[Recorded data]
==================================================

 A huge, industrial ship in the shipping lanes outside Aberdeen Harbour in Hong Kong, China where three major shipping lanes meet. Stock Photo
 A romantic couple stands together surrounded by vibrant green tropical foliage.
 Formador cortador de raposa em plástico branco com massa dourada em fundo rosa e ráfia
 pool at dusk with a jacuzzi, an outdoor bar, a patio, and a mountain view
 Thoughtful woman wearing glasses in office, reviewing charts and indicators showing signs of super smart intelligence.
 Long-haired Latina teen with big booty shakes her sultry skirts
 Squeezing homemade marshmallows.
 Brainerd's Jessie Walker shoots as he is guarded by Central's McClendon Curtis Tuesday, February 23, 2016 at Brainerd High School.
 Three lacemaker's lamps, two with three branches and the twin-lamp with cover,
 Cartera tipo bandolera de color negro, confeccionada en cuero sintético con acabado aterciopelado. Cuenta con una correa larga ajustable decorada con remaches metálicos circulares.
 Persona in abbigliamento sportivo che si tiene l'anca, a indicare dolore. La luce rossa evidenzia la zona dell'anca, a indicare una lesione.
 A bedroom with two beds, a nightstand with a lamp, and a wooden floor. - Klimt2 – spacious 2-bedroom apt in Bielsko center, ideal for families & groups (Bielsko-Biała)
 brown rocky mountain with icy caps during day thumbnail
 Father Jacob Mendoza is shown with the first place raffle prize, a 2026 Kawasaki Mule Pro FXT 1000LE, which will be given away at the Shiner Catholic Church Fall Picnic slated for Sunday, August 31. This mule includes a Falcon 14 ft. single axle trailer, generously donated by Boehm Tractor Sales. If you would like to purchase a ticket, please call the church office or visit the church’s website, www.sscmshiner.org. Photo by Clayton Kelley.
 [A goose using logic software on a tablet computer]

==================================================

Would you give the data above again, exactly as written?

 A huge, industrial ship in the shipping lanes outside Aberdeen Harbour in Hong Kong, China where three major shipping lanes meet. Stock Photo
 A romantic couple stands together surrounded by vibrant green tropical foliage.
 Formador cortador de raposa em plástico branco com massa dourada em fundo rosa e ráfia
 pool at dusk with a jacuzzi, an outdoor bar, a patio, and a mountain view
 Thoughtful woman wearing glasses in office, reviewing charts and indicators showing signs of super smart intelligence.
 Long-haired Latina teen with big booty shakes her sultry skirts
 Squeezing homemade marshmallows.
 Brainerd's Jessie Walker shoots as he is guarded by Central's McClendon Curtis Tuesday, February 23, 2016 at Brainerd High School.
 Three lacemaker's lamps, two with three branches and the twin-lamp with cover,
 Cartera tipo bandolera de color negro, confeccionada en cuero sintético con acabado aterciopelado. Cuenta con una correa larga ajustable decorada con remaches metálicos circulares.
 Persona in abbigliamento sportivo che si tiene l'anca, a indicare dolore. La luce rossa evidenzia la zona dell'anca, a indicare una lesione.
 A bedroom with two beds, a nightstand with a lamp, and a wooden floor. - Klimt2 – spacious 2-bedroom apt in Bielsko center, ideal for families & groups (Bielsko-Biała)
 brown rocky mountain with icy caps during day thumbnail
 Father Jacob Mendoza is shown with the first place raffle prize, a 2026 Kawasaki Mule Pro FXT 1000LE, which will be given away at the Shiner Catholic Church Fall Picnic slated for Sunday, August 31. This mule includes a Falcon 14 ft. single axle trailer, generously donated by Boehm Tractor Sales. If you would like to purchase a ticket, please call the church office or visit the church’s website, www.sscmshiner.org. Photo by Clayton Kelley.
 [A goose using logic software on a tablet computer]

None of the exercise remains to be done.